Unified, coherent essays

Part 1/ essay 1: The concept of endings and narrative structure in Margaret Atwood’s "happy endings” and James Joyce’s "the dead"

The two tales show storytelling's depth as they both dwell on metafiction, which tears down and rebuilds the story. Providing many endings, Atwood has viewers ponder life's cyclicality and narrative closure's fallacy (Atwood 2). Her purposeful breakdown of narrative conventions shows human depth and forces readers to reconsider the story's plots. Joyce's "The Dead" weaves a complicated tapestry of human reflection, examining emotions and societal challenges. She uses metaphors and beautiful language to express profound truths like a painting.
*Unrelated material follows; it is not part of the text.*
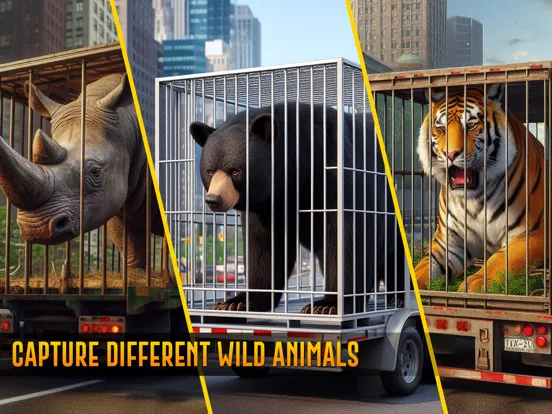 Tangkapan layar Wild Animal Transport Sim 3D iPad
Beyond its plot, the novel tackles human consciousness, relationships, and society, not forgetting her meticulous writing, which makes the work an emotional and intellectual masterpiece. Though the two stories are told differently, both tales show storytelling's intricacy. Complex pieces of art show human nature and literary stories. These stories transcend their plotlines, allowing readers to explore their narrative architecture and fundamental truths about life, relationships, and the human experience, like paintings that capture many feelings and perspectives. The elegance and complexity of "Happy Endings" and "The Dead" represent the human condition and storytelling's variety.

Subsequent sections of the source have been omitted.